EXERCISE -
Each line below must be reproduced exactly, though the pictures are to be dropped.

Source data
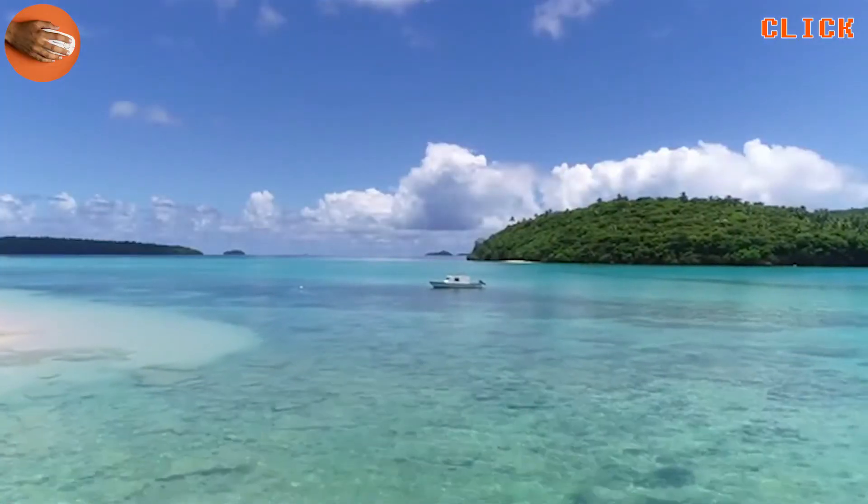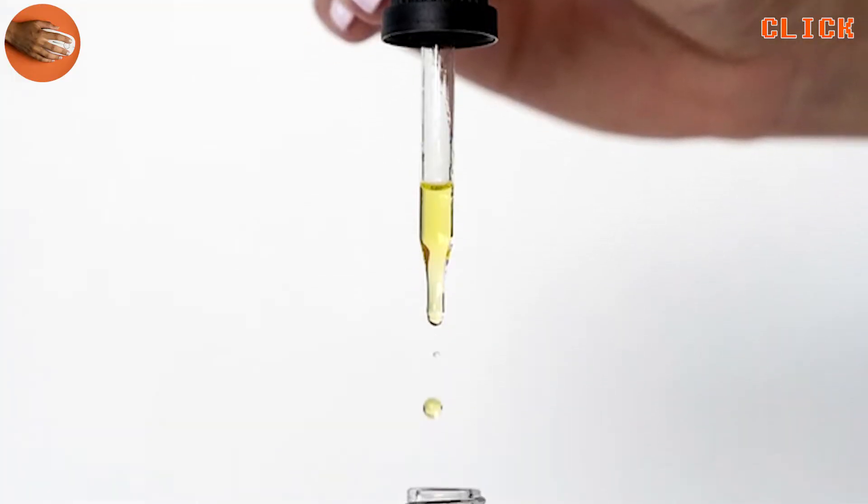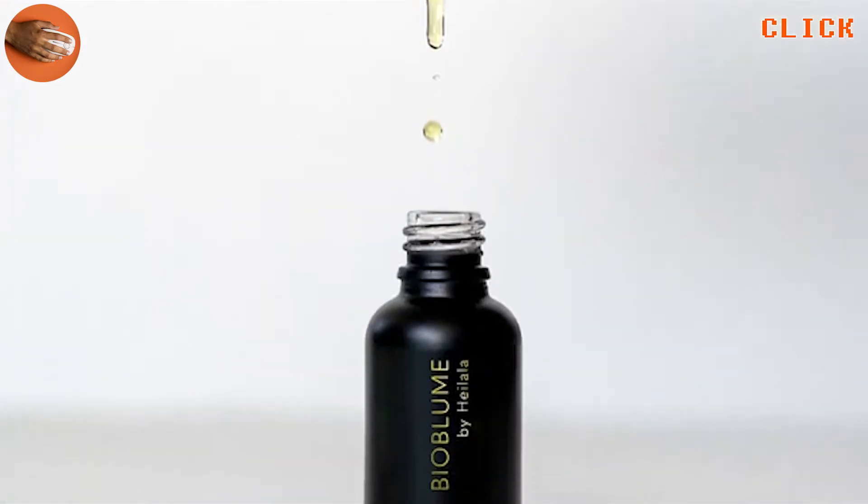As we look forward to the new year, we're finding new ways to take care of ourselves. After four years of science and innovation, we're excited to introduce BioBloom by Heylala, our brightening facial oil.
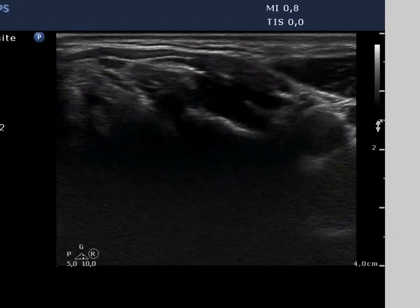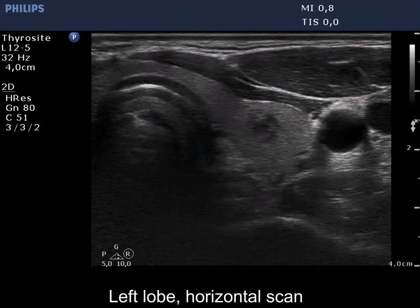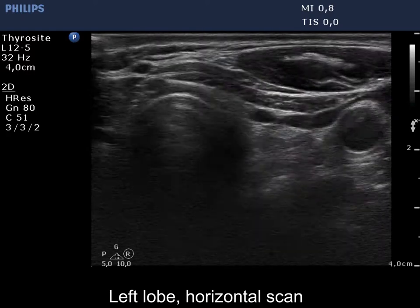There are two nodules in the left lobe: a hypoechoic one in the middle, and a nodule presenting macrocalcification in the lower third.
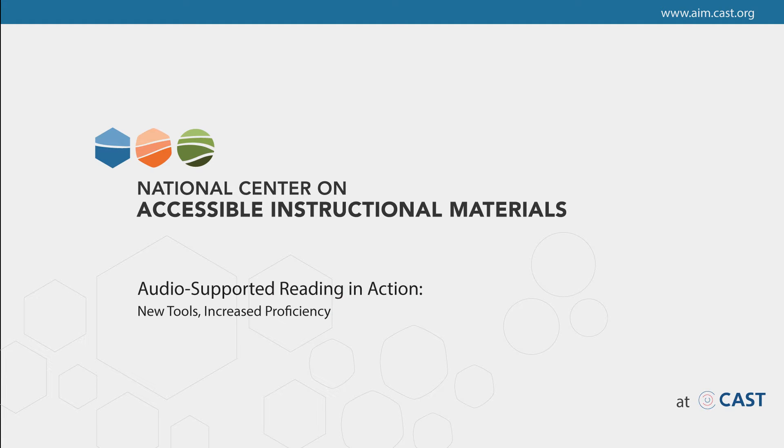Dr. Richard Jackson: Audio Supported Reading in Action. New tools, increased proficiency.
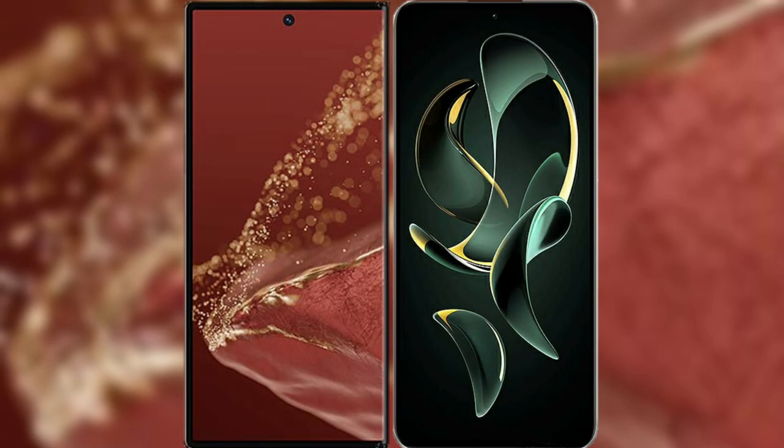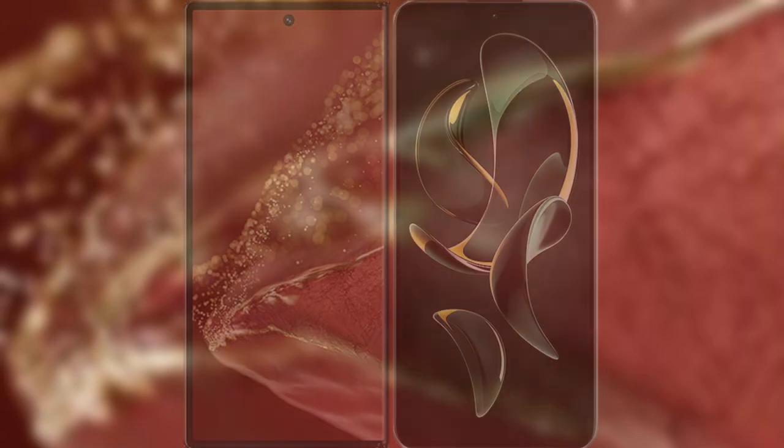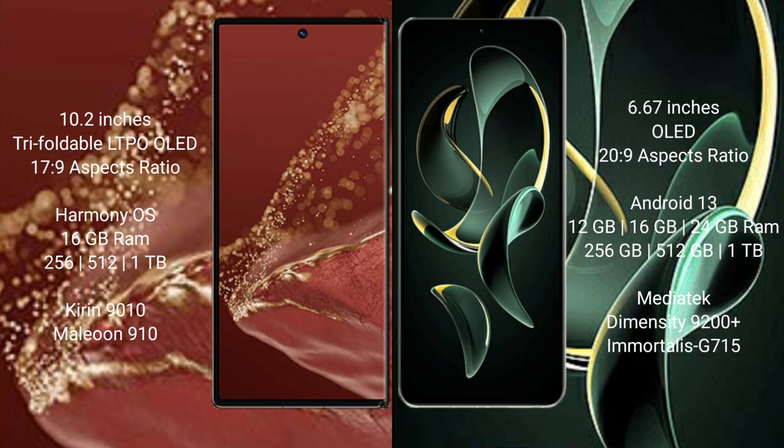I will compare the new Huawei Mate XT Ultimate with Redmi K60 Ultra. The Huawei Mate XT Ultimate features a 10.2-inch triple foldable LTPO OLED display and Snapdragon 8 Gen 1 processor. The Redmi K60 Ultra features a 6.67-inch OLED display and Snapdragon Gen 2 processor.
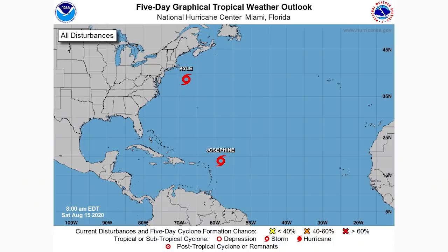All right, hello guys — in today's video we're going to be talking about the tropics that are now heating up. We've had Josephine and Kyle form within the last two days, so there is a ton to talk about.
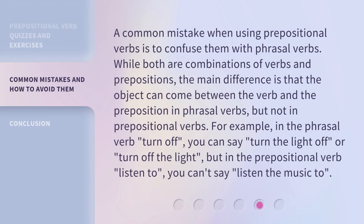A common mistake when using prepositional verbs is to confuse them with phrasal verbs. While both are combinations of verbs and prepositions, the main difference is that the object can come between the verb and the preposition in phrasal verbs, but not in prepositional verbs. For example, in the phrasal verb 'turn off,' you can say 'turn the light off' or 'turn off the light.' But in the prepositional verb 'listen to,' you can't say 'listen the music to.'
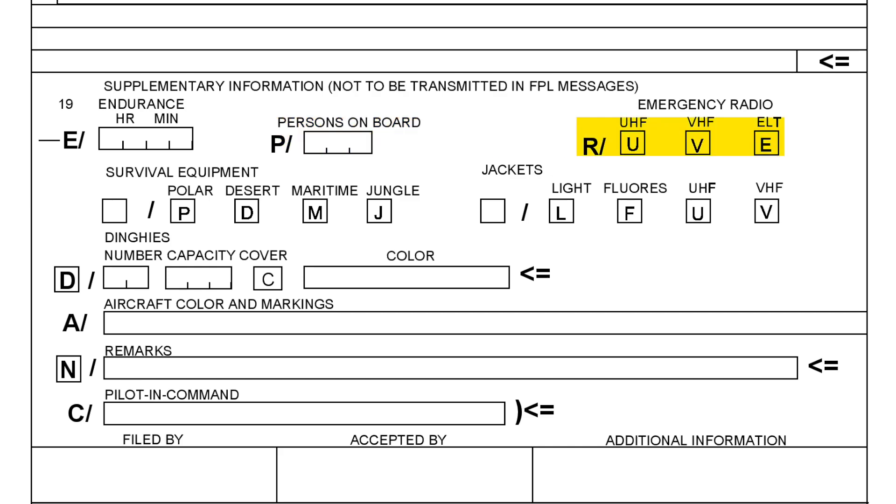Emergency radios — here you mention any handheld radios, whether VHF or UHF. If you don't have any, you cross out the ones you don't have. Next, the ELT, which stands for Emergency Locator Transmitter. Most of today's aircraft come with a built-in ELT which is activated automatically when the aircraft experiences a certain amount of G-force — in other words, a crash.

ANSWER FOR THIS EXERCISE -
As we look forward to the new year, we're finding new ways to take care of ourselves. After four years of science and innovation, we're excited to introduce BioBloom by Heylala, our brightening facial oil.
There are two nodules in the left lobe: a hypoechoic one in the middle, and a nodule presenting macrocalcification in the lower third.
Dr. Richard Jackson: Audio Supported Reading in Action. New tools, increased proficiency.
I will compare the new Huawei Mate XT Ultimate with Redmi K60 Ultra. The Huawei Mate XT Ultimate features a 10.2-inch triple foldable LTPO OLED display and Snapdragon 8 Gen 1 processor. The Redmi K60 Ultra features a 6.67-inch OLED display and Snapdragon Gen 2 processor.
All right, hello guys — in today's video we're going to be talking about the tropics that are now heating up. We've had Josephine and Kyle form within the last two days, so there is a ton to talk about.
A common mistake when using prepositional verbs is to confuse them with phrasal verbs. While both are combinations of verbs and prepositions, the main difference is that the object can come between the verb and the preposition in phrasal verbs, but not in prepositional verbs. For example, in the phrasal verb 'turn off,' you can say 'turn the light off' or 'turn off the light.' But in the prepositional verb 'listen to,' you can't say 'listen the music to.'
Emergency radios — here you mention any handheld radios, whether VHF or UHF. If you don't have any, you cross out the ones you don't have. Next, the ELT, which stands for Emergency Locator Transmitter. Most of today's aircraft come with a built-in ELT which is activated automatically when the aircraft experiences a certain amount of G-force — in other words, a crash.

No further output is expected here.